Today I tried painting a horse plein air. The herd of about 14 horses are used to pull wagons for the tourists. They are constantly moving and even though I was painting as fast as I could I ended up mostly depending on my memory. The view of the river off in the distant is another element I hope to incorporate into my painting. I think that was worth plein air painting this scene.
Theses are the photo references for a studio painting. I liked the pose on the left but the light and shadow from the horse on the right.
Painting and drawing horses was a lot of my early art education. I got the book Album of Horses by Marguerite Henry for Christmas and sketched every horse in the book. That is also how I decided that these might be Percherons, although there looked to be some Belgians in the herd. The action sketches were so dynamic. This made painting the simple horses grazing so much easier.
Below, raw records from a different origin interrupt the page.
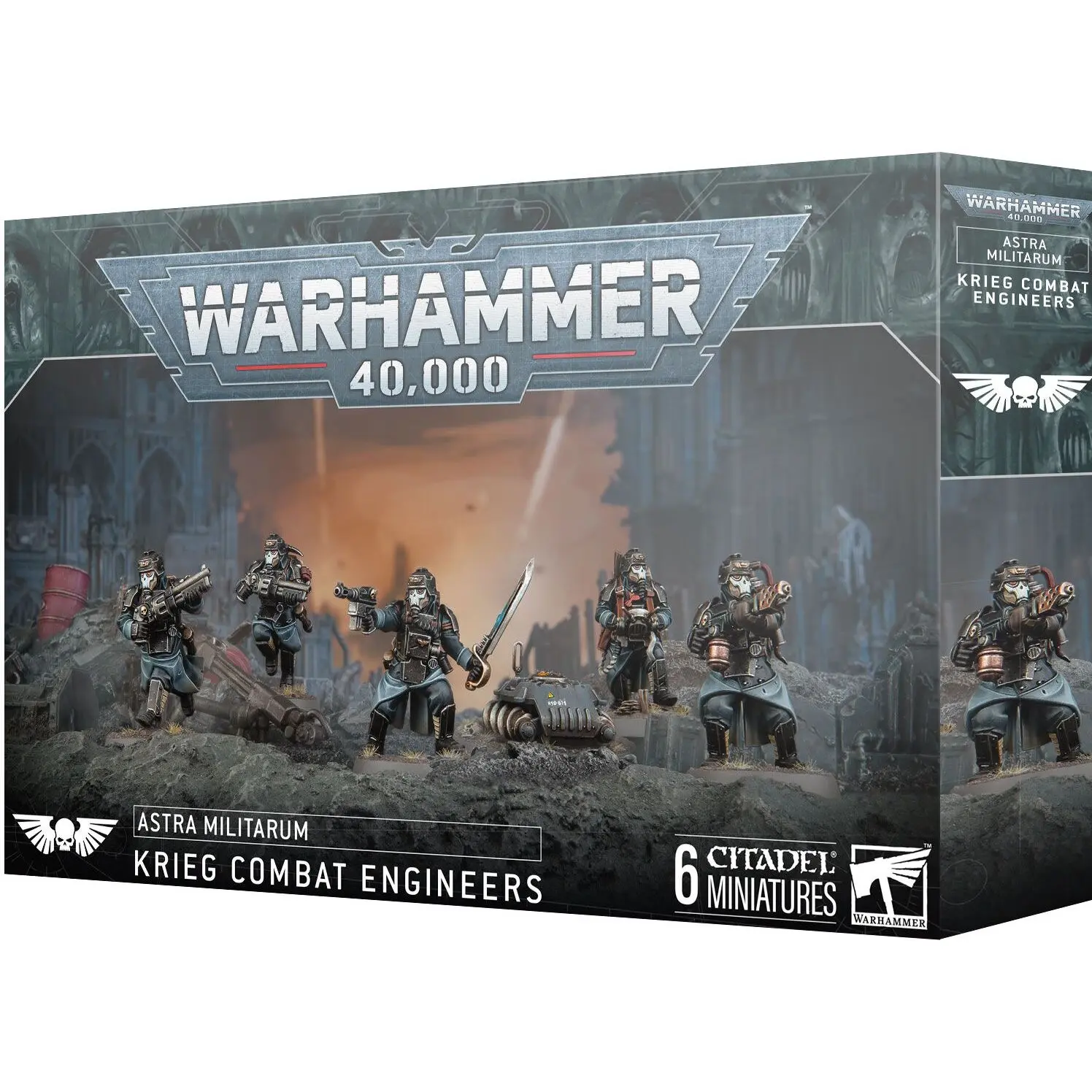 5011921225217 - Figurine Warhammer 40k - Astra Militarum Sapeurs de Krieg (x6)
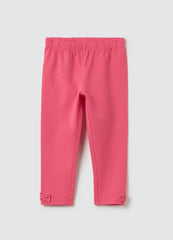 OVS Girls' Stretch Cotton Pink Leggings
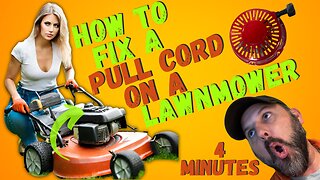 How to Fix a Pull Cord on A Lawn Mower - In 3 Minutes!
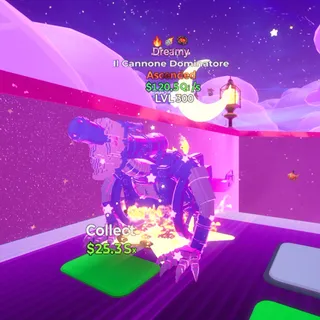 Il Cannone Dominatore Dreamy 3 Traits LVL 300 / Go Up For Brainrots Fortnite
I often wonder where she got her training, copying Sir Alfred Munnings. or maybe Frederick Remington.
I have an up coming exhibit with an animal theme. Three artists...the others medium with be fabric and ceramics. You may be seeing a lot of animals paintings for a while. One of my favorites.. the American White Park.
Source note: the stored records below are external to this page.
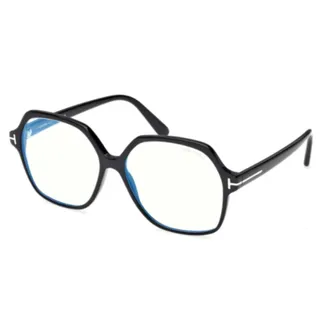 Tom Ford Glasses, unisex, Brown, Size: 57 MM Blue Block Optical Frame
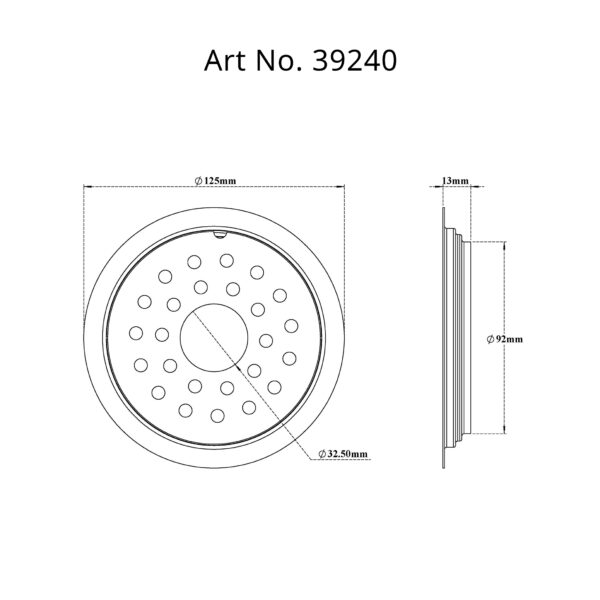 Drain Flat Round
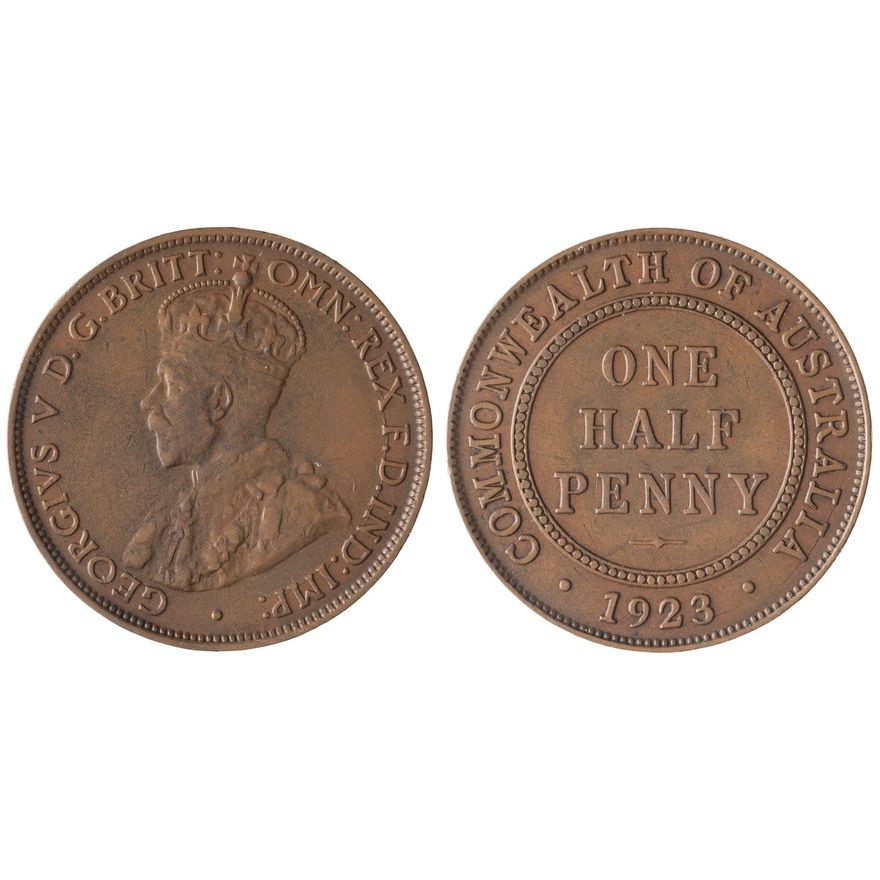 George V, Halfpenny, 1923,  VF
This is one of my favorite spots. This view is from the boat landing on the banks of the Skunk River access looking east. I was inspired by the light crossing over the tree reflections. The last time I was here I could not get down to the bank and painted the tracks in the muddy riverbank.
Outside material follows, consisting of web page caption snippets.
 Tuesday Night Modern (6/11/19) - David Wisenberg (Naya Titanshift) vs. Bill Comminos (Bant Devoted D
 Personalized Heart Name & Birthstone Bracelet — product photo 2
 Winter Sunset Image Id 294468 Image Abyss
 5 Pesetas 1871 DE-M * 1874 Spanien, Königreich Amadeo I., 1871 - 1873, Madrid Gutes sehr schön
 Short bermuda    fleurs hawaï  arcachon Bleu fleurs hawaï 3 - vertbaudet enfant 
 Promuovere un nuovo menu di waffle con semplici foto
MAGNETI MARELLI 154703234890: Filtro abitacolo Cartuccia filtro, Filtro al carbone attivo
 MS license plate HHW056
I went plein air painting at Heron Bend with Jessica .http://jakpaints.blogspot.com/ We both used 6" x 12" painting panels, but hers was horizontal and mine vertical. They say that the horizontal format is more tranquil and vertical is more dynamic. All I brought with me was the 6" x 12" and I liked the driftwood and the distant trees. When a view inspires sometimes you just need to go back and do another painting because you cannot get it all in.
I paint on preprimed canvas and attach it to panels later. This gives me the option to crop the canvas to get a better composition.
This is a watercolor I painted probably 25 years ago and the barn has since been torn down. It was my first plein air painting and it took two Saturdays. When I went back the second time my dad had cleaned up the weeds for me. My aunt Adelaide also wondered why I would paint the overground weeds. I went to visit my aunt Pauline in the nursing home and it was on her wall. I am honored that it was one of the things she brought from home.
I didn't plan to go painting this morning but when I walked outside it was too nice to work inside. A friend joined me at Wilson Lake to paint the water lotus. If I can get in a couple of hours to start the day it is just like that early morning walk to the non-painters.
Volunteer for the Main Street organization. This organization helps promote downtown. We have a very vibrant downtown in Fort Madison. She has also volunteers on the Fort Madison Area Arts Association board.
We went plein air painting at sunset. I did not like the results when I used the headlight a couple of nights ago. The light would focus on one section and I needed to see the colors/values relative to each other. Still looking for a better option. This was painted using the natural light remaining shortly after the sun set. At least it started there and by the time I was finished I could see the values but not so much the actual colors. I was surprised to see this.
8" x 8" oil on Raymar panel
I worked on this the next morning. I wanted the far distance trees and buildings to recede.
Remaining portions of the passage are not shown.